*Crawled caption data*:

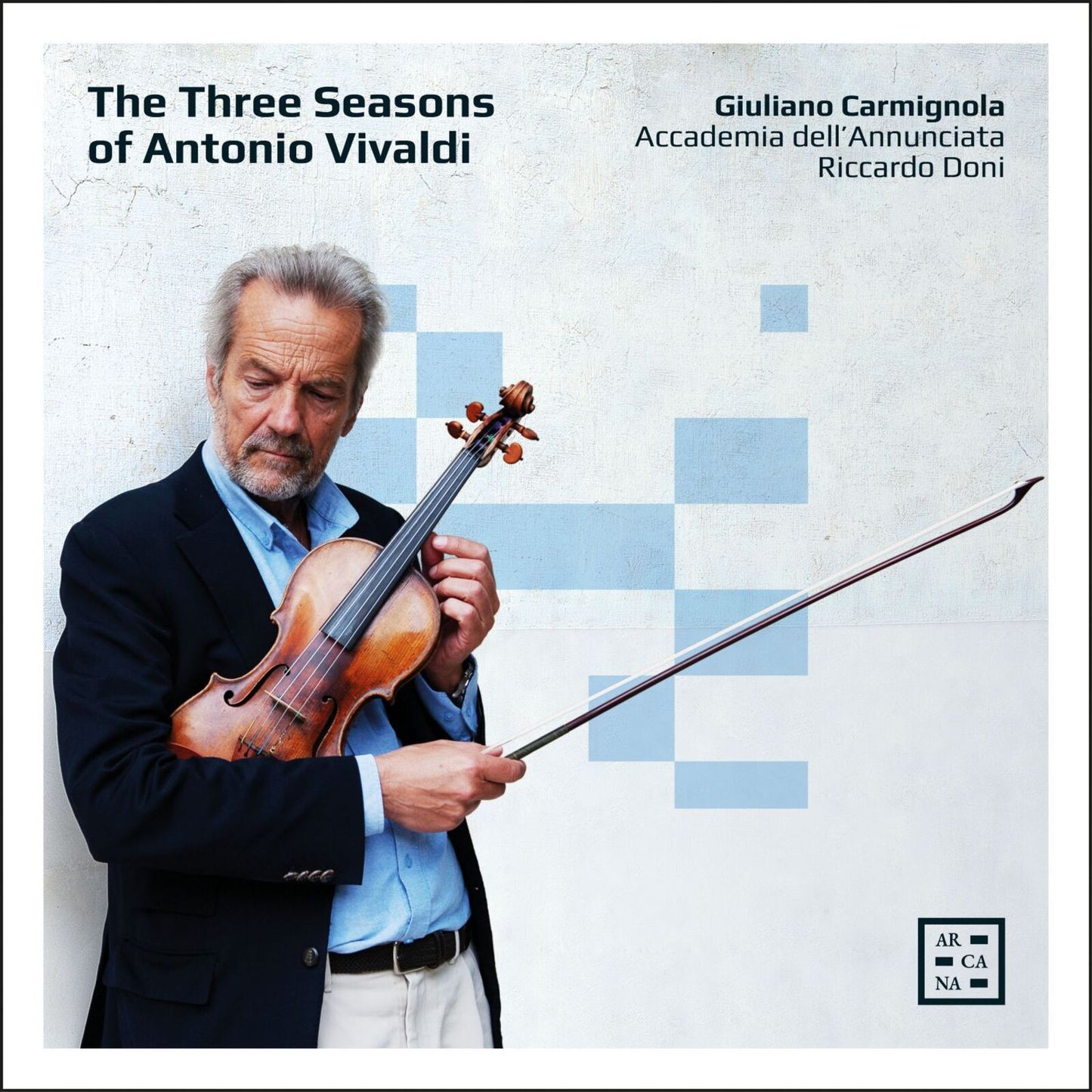 Violinist Giuliano Carmignola holding a violin, album cover for Vivaldi’s “The Three Seasons”.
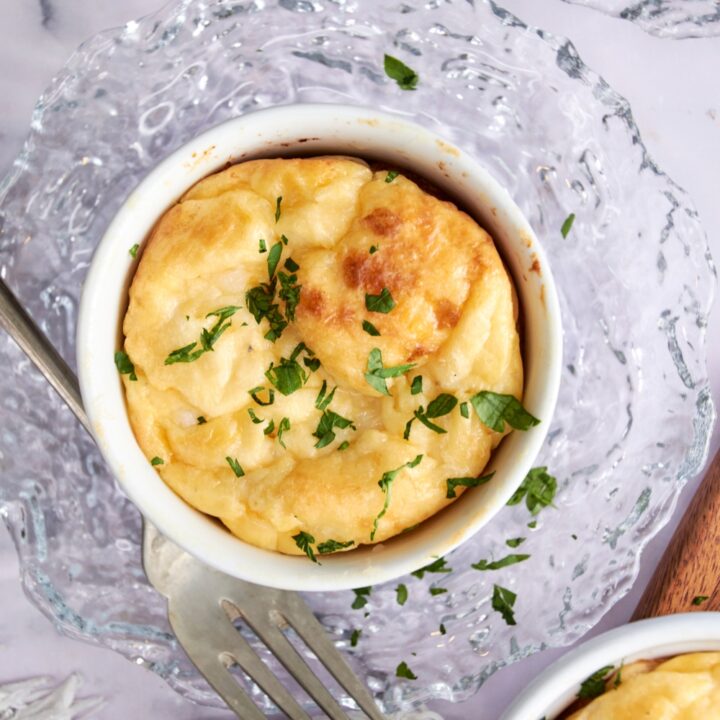 A white ramekin filled with Panera souffle sits on a glass plate. A fork rests on the plate next to the souffle.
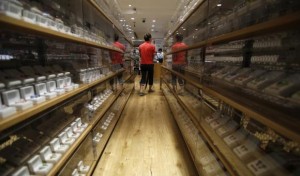 A shopper looks at earphones displayed at a mobile phone store at Tokyo's Ginza shopping district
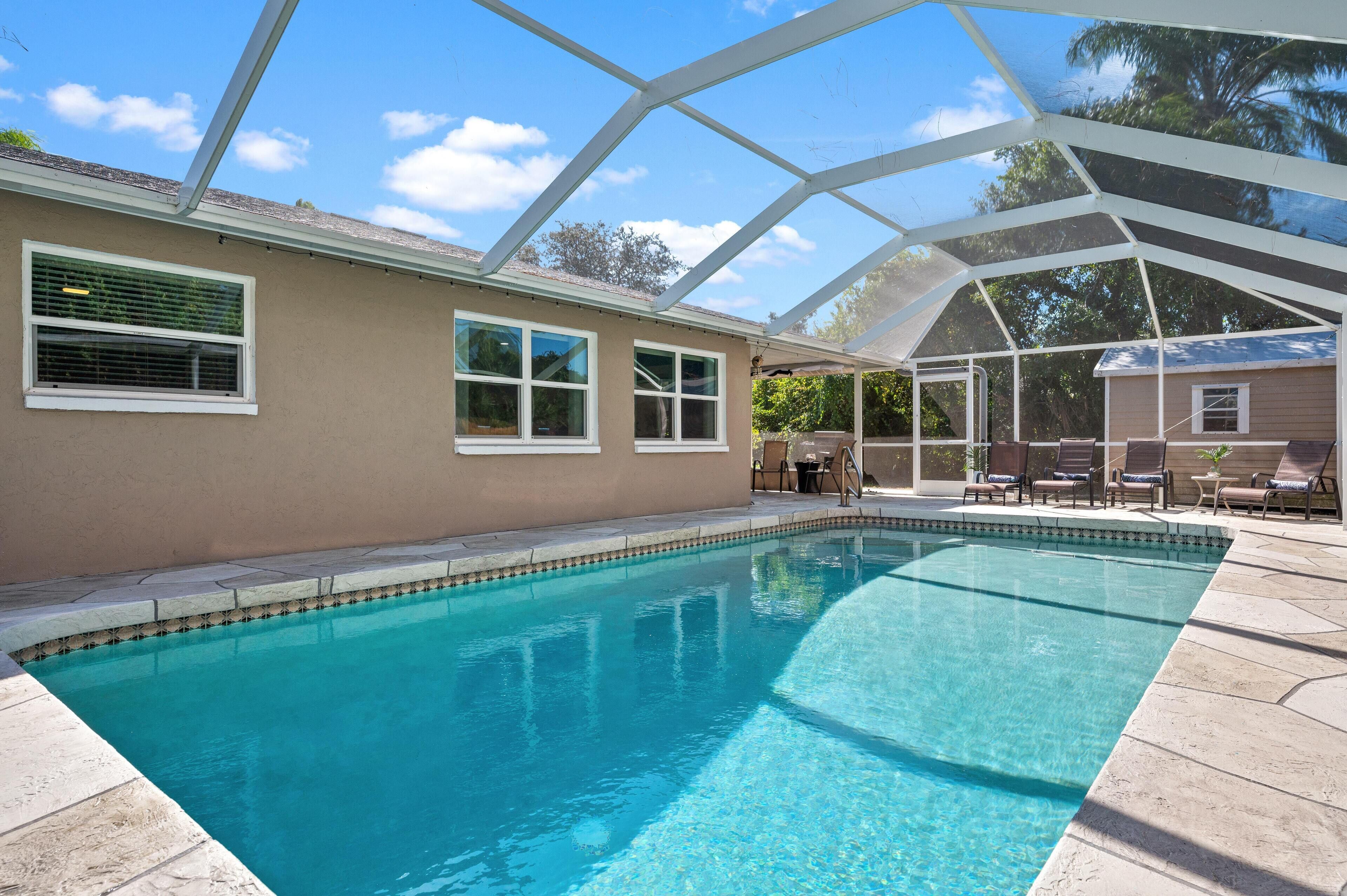 A clear swimming pool with a covered patio area, a beige building with windows, and a clear blue sky.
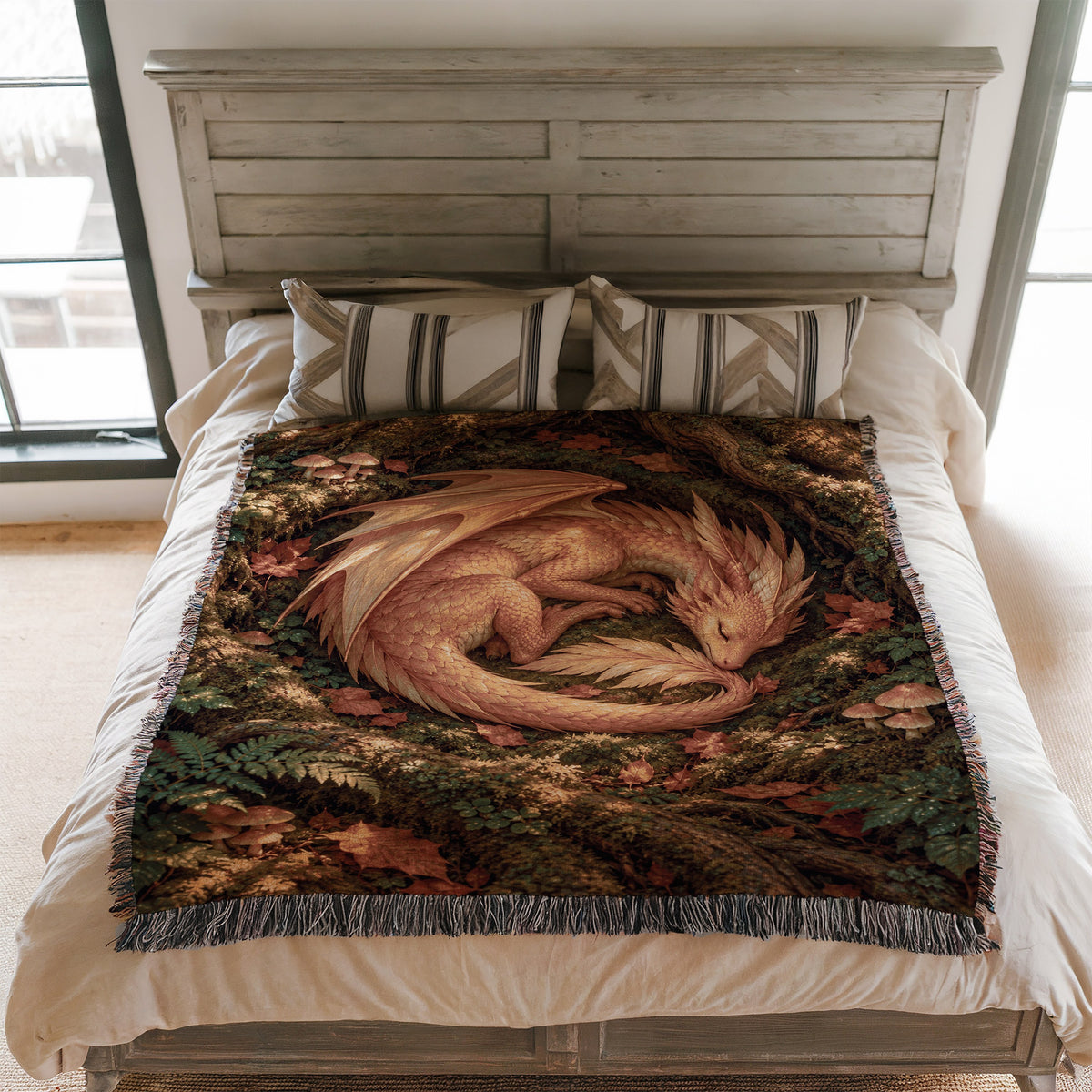 Golden Dragon Woven Throw Blanket on a bed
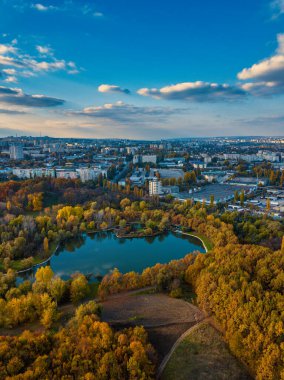 Sonbahar ağaçlarıyla dolu bir parktaki göl manzarası. Kishinev, Moldova. Suyun üzerinde destansı bir uçuş. Gündüzleri renkli sonbahar ağaçları.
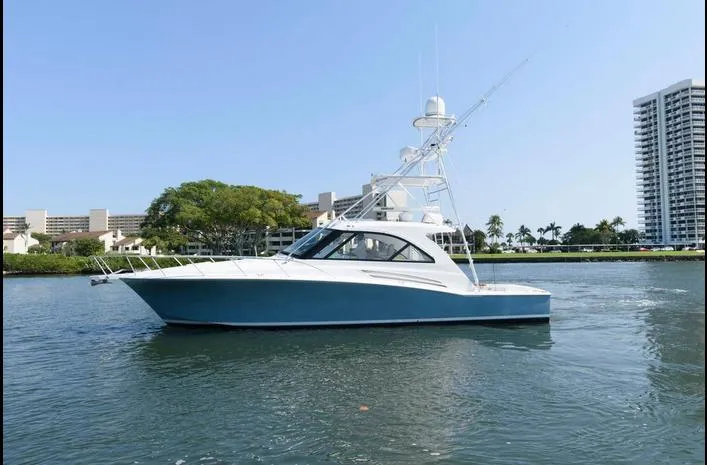 Slide: The Image of 2015 Hatteras 45 Express Sportfish yacht on calm water, cityscape background. - 4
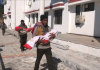 Family members carrying dead bodies of two minor sisters, who dies because of unknown disease in Reasi district on Saturday.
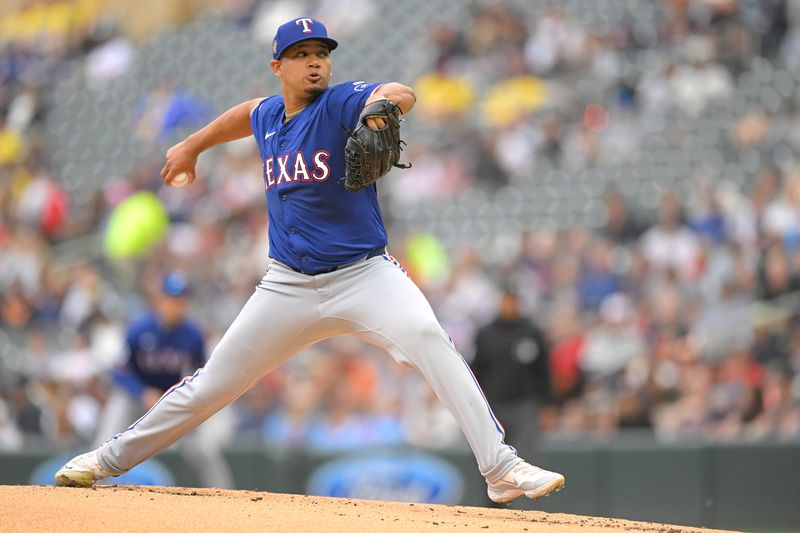 May 26, 2024; Minneapolis, Minnesota, USA;  Texas Rangers pitcher Gerson Garabito (58) delivers a pitch against the Minnesota Twins during the first inning at Target Field. Mandatory Credit: Nick Wosika-USA TODAY Sports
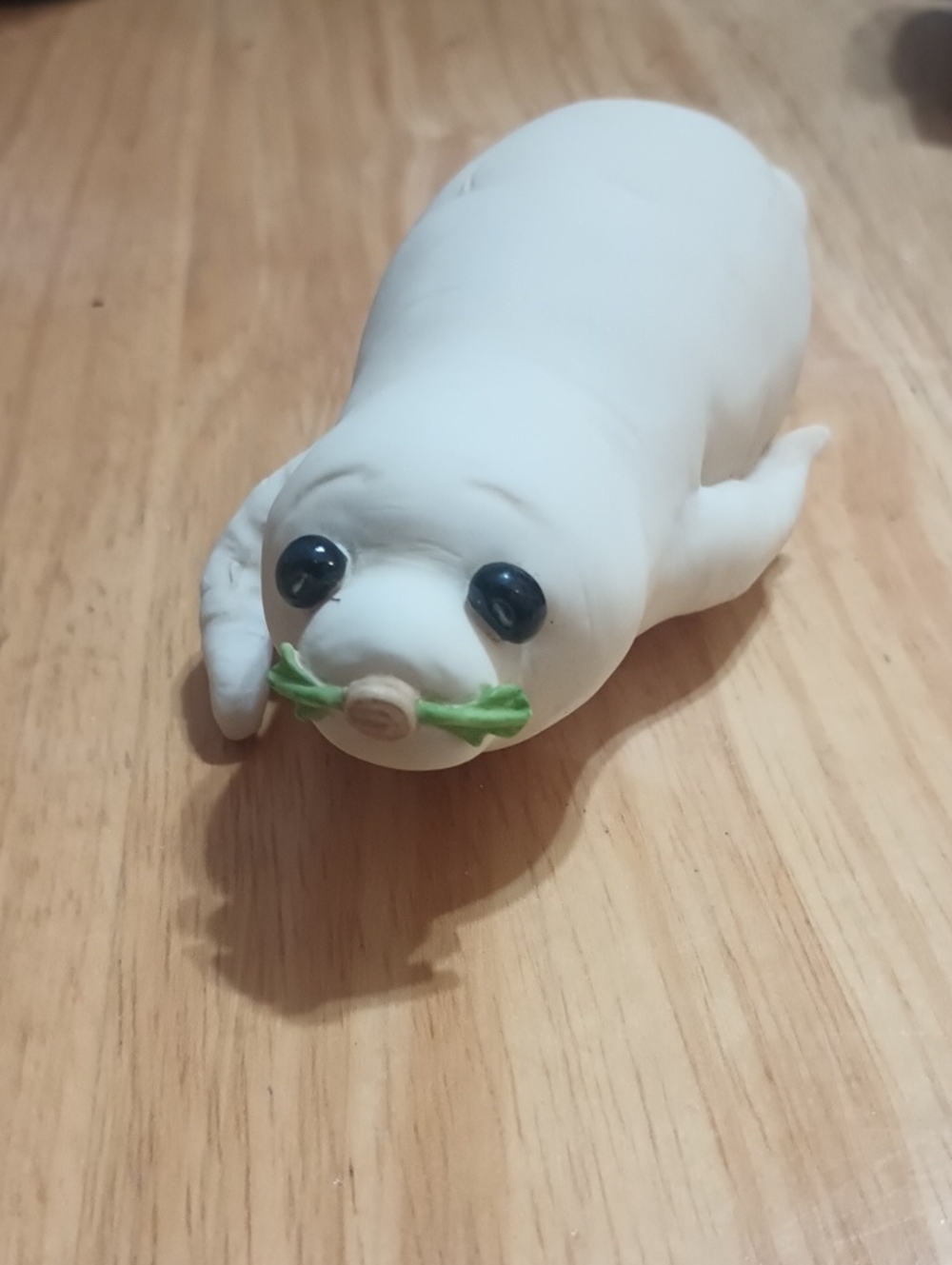 Enesco White Seal turnip style Figurine with Green Accent and Black Eyes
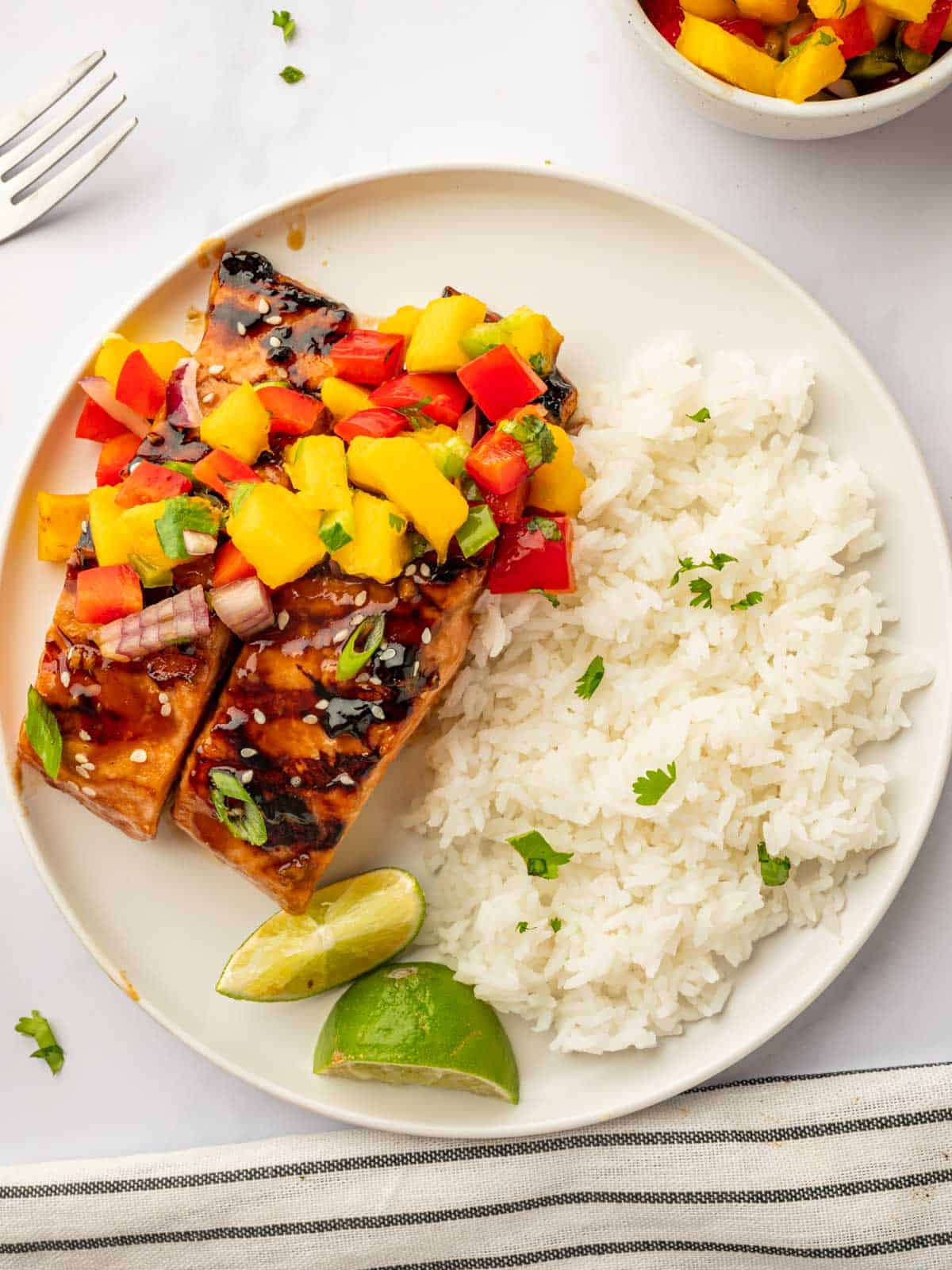 Serve marinated grilled salmon recipe on a plate with rice.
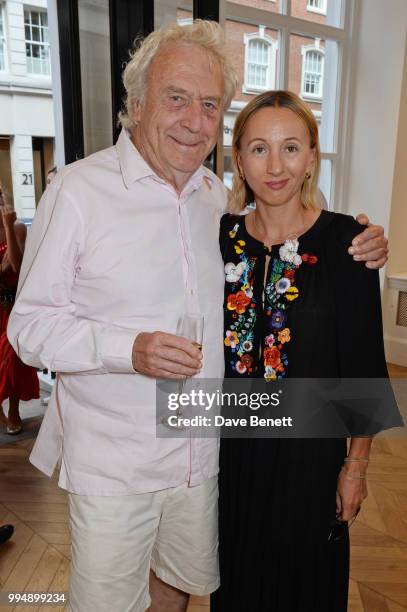 Roland Cowan and wife Jane Cowan attend the Bansky 'Greatest Hits 2002-2008" exhibition VIP preview at Lazinc on July 9, 2018 in London, England.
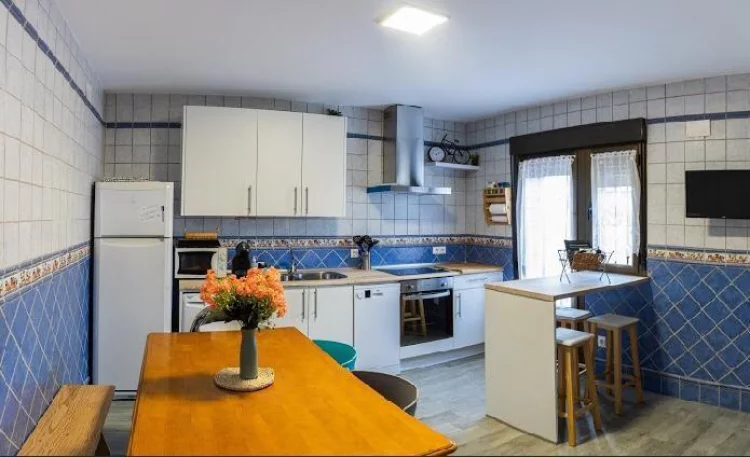 Cocina equipada con mesa de madera, electrodomésticos y ventana exterior en La Fragua del Sauce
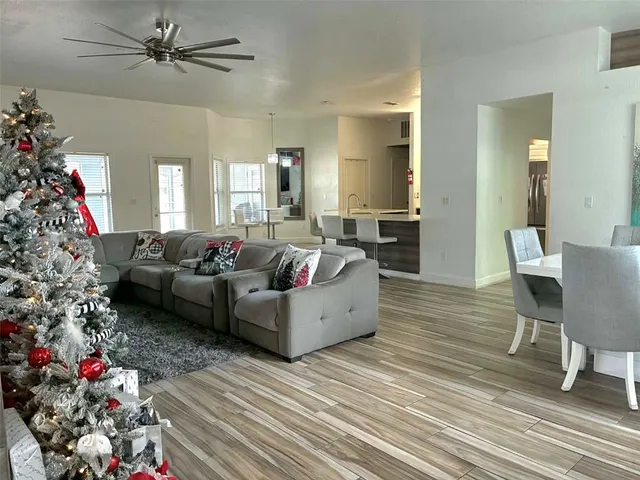 a view of a kitchen with kitchen island a dining table and chairs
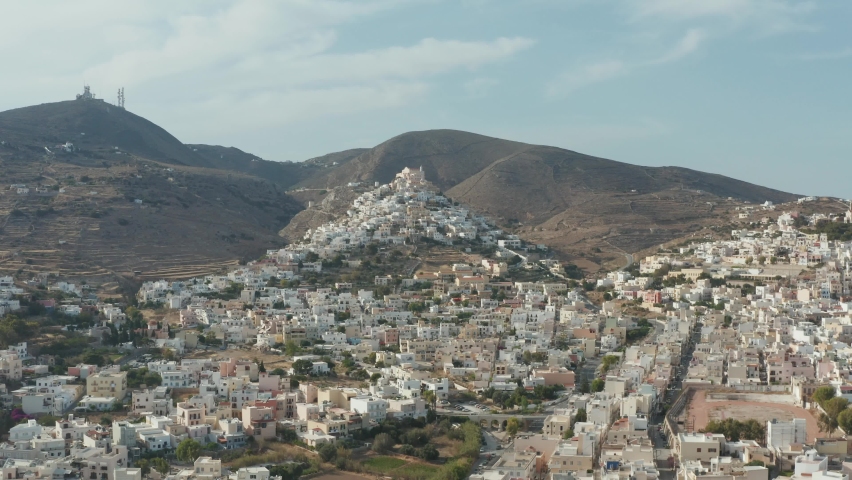 Syros island Cyclades, Greece aerial drone video footage 4k.  Chora village traditional architecture, whitewashed typical buildings on the hills, rocky landscape
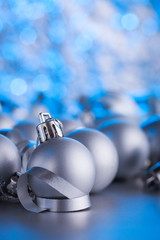 Christmas composition of Christmas tree toys on a blurred silver background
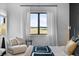 Comfortable bedroom with scenic views, modern decor, and comfortable lounging area at 5815 Peppy San Cir, Sedalia, CO 80135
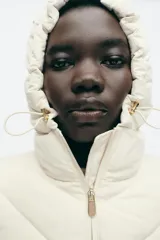 Cazadora de mujer con diseño híbrido, presenta un panel frontal acolchado con costuras en chevron y mangas y laterales en tejido liso. Cuenta con cuello alto, capucha ajustable con cordones elásticos y cierre frontal mediante cremallera.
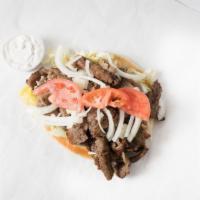 Gyros · Very, very tasty! sliced, special seasoned meat, onions, tomatoes, gyro sauce.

*Work to be completed*:
Please repeat exactly the data above from its first line to the line that contains "Family members carrying", inclusive, and leave every picture out.

*Answer for the task*:
 Violinist Giuliano Carmignola holding a violin, album cover for Vivaldi’s “The Three Seasons”.
 A white ramekin filled with Panera souffle sits on a glass plate. A fork rests on the plate next to the souffle.
 A shopper looks at earphones displayed at a mobile phone store at Tokyo's Ginza shopping district
 A clear swimming pool with a covered patio area, a beige building with windows, and a clear blue sky.
 Golden Dragon Woven Throw Blanket on a bed
 Sonbahar ağaçlarıyla dolu bir parktaki göl manzarası. Kishinev, Moldova. Suyun üzerinde destansı bir uçuş. Gündüzleri renkli sonbahar ağaçları.
 Slide: The Image of 2015 Hatteras 45 Express Sportfish yacht on calm water, cityscape background. - 4
 Family members carrying dead bodies of two minor sisters, who dies because of unknown disease in Reasi district on Saturday.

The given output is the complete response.